YOUR TASK>
Extract all records. Keep each one exact.

EXERCISE MATERIALS>

[Start of Attachment]

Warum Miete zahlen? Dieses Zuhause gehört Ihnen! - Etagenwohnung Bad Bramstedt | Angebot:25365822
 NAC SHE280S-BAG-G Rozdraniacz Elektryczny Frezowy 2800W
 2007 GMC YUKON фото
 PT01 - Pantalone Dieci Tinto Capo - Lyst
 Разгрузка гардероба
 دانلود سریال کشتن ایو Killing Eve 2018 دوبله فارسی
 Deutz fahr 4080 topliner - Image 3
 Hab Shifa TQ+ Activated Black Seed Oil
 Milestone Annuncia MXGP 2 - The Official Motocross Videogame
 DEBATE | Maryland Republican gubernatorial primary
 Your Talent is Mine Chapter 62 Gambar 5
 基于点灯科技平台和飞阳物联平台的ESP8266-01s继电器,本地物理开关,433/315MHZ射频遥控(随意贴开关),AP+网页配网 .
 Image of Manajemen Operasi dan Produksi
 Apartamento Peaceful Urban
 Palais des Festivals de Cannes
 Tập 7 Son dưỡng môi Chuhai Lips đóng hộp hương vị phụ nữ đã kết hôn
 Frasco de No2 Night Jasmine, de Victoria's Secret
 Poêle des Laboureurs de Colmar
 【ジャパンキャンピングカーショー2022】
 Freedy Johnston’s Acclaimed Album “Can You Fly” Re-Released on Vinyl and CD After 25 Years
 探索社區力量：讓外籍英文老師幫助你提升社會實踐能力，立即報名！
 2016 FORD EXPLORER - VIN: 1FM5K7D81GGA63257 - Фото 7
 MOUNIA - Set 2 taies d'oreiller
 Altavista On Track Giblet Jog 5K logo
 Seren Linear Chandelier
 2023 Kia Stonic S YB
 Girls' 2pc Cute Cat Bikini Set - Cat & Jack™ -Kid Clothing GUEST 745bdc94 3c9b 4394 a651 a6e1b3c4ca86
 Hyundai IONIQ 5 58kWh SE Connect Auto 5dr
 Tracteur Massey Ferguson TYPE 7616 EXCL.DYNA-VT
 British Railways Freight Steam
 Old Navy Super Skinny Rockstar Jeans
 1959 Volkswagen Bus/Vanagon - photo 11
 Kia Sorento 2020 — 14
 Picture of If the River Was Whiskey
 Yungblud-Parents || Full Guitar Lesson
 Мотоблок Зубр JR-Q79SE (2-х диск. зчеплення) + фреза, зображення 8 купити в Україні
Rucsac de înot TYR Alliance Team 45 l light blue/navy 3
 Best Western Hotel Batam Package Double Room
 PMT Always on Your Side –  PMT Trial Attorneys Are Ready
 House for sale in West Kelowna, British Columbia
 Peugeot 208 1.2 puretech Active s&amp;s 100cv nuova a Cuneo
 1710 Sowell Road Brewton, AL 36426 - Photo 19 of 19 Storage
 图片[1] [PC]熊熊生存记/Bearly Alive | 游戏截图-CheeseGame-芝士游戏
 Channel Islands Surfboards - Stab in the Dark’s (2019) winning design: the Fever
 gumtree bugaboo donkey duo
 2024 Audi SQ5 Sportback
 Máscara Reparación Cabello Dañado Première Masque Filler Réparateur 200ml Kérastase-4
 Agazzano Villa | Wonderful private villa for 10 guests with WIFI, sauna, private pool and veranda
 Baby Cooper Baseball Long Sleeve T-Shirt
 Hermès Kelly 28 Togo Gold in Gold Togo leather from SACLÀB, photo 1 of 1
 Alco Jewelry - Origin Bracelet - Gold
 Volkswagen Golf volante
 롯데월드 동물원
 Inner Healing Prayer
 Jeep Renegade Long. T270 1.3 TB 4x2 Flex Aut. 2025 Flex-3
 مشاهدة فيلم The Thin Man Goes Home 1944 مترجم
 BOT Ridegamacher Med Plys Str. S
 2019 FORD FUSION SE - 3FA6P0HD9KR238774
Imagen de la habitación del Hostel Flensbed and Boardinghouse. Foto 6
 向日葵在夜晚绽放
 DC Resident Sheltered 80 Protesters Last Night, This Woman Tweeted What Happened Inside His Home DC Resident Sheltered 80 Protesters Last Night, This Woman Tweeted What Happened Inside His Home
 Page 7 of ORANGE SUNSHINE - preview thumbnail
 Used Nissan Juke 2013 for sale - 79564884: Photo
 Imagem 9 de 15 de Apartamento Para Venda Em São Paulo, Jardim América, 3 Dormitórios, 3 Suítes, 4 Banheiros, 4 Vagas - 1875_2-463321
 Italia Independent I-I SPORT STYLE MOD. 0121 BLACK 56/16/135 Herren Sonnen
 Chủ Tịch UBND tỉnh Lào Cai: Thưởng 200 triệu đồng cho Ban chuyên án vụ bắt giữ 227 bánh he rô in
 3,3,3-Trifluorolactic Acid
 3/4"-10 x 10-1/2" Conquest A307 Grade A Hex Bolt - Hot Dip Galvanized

[End of Attachment]

ANSWER SECTION>
Warum Miete zahlen? Dieses Zuhause gehört Ihnen! - Etagenwohnung Bad Bramstedt | Angebot:25365822
 NAC SHE280S-BAG-G Rozdraniacz Elektryczny Frezowy 2800W
 2007 GMC YUKON фото
 PT01 - Pantalone Dieci Tinto Capo - Lyst
 Разгрузка гардероба
 دانلود سریال کشتن ایو Killing Eve 2018 دوبله فارسی
 Deutz fahr 4080 topliner - Image 3
 Hab Shifa TQ+ Activated Black Seed Oil
 Milestone Annuncia MXGP 2 - The Official Motocross Videogame
 DEBATE | Maryland Republican gubernatorial primary
 Your Talent is Mine Chapter 62 Gambar 5
 基于点灯科技平台和飞阳物联平台的ESP8266-01s继电器,本地物理开关,433/315MHZ射频遥控(随意贴开关),AP+网页配网 .
 Image of Manajemen Operasi dan Produksi
 Apartamento Peaceful Urban
 Palais des Festivals de Cannes
 Tập 7 Son dưỡng môi Chuhai Lips đóng hộp hương vị phụ nữ đã kết hôn
 Frasco de No2 Night Jasmine, de Victoria's Secret
 Poêle des Laboureurs de Colmar
 【ジャパンキャンピングカーショー2022】
 Freedy Johnston’s Acclaimed Album “Can You Fly” Re-Released on Vinyl and CD After 25 Years
 探索社區力量：讓外籍英文老師幫助你提升社會實踐能力，立即報名！
 2016 FORD EXPLORER - VIN: 1FM5K7D81GGA63257 - Фото 7
 MOUNIA - Set 2 taies d'oreiller
 Altavista On Track Giblet Jog 5K logo
 Seren Linear Chandelier
 2023 Kia Stonic S YB
 Girls' 2pc Cute Cat Bikini Set - Cat & Jack™ -Kid Clothing GUEST 745bdc94 3c9b 4394 a651 a6e1b3c4ca86
 Hyundai IONIQ 5 58kWh SE Connect Auto 5dr
 Tracteur Massey Ferguson TYPE 7616 EXCL.DYNA-VT
 British Railways Freight Steam
 Old Navy Super Skinny Rockstar Jeans
 1959 Volkswagen Bus/Vanagon - photo 11
 Kia Sorento 2020 — 14
 Picture of If the River Was Whiskey
 Yungblud-Parents || Full Guitar Lesson
 Мотоблок Зубр JR-Q79SE (2-х диск. зчеплення) + фреза, зображення 8 купити в Україні
Rucsac de înot TYR Alliance Team 45 l light blue/navy 3
 Best Western Hotel Batam Package Double Room
 PMT Always on Your Side –  PMT Trial Attorneys Are Ready
 House for sale in West Kelowna, British Columbia
 Peugeot 208 1.2 puretech Active s&amp;s 100cv nuova a Cuneo
 1710 Sowell Road Brewton, AL 36426 - Photo 19 of 19 Storage
 图片[1] [PC]熊熊生存记/Bearly Alive | 游戏截图-CheeseGame-芝士游戏
 Channel Islands Surfboards - Stab in the Dark’s (2019) winning design: the Fever
 gumtree bugaboo donkey duo
 2024 Audi SQ5 Sportback
 Máscara Reparación Cabello Dañado Première Masque Filler Réparateur 200ml Kérastase-4
 Agazzano Villa | Wonderful private villa for 10 guests with WIFI, sauna, private pool and veranda
 Baby Cooper Baseball Long Sleeve T-Shirt
 Hermès Kelly 28 Togo Gold in Gold Togo leather from SACLÀB, photo 1 of 1
 Alco Jewelry - Origin Bracelet - Gold
 Volkswagen Golf volante
 롯데월드 동물원
 Inner Healing Prayer
 Jeep Renegade Long. T270 1.3 TB 4x2 Flex Aut. 2025 Flex-3
 مشاهدة فيلم The Thin Man Goes Home 1944 مترجم
 BOT Ridegamacher Med Plys Str. S
 2019 FORD FUSION SE - 3FA6P0HD9KR238774
Imagen de la habitación del Hostel Flensbed and Boardinghouse. Foto 6
 向日葵在夜晚绽放
 DC Resident Sheltered 80 Protesters Last Night, This Woman Tweeted What Happened Inside His Home DC Resident Sheltered 80 Protesters Last Night, This Woman Tweeted What Happened Inside His Home
 Page 7 of ORANGE SUNSHINE - preview thumbnail
 Used Nissan Juke 2013 for sale - 79564884: Photo
 Imagem 9 de 15 de Apartamento Para Venda Em São Paulo, Jardim América, 3 Dormitórios, 3 Suítes, 4 Banheiros, 4 Vagas - 1875_2-463321
 Italia Independent I-I SPORT STYLE MOD. 0121 BLACK 56/16/135 Herren Sonnen
 Chủ Tịch UBND tỉnh Lào Cai: Thưởng 200 triệu đồng cho Ban chuyên án vụ bắt giữ 227 bánh he rô in
 3,3,3-Trifluorolactic Acid
 3/4"-10 x 10-1/2" Conquest A307 Grade A Hex Bolt - Hot Dip Galvanized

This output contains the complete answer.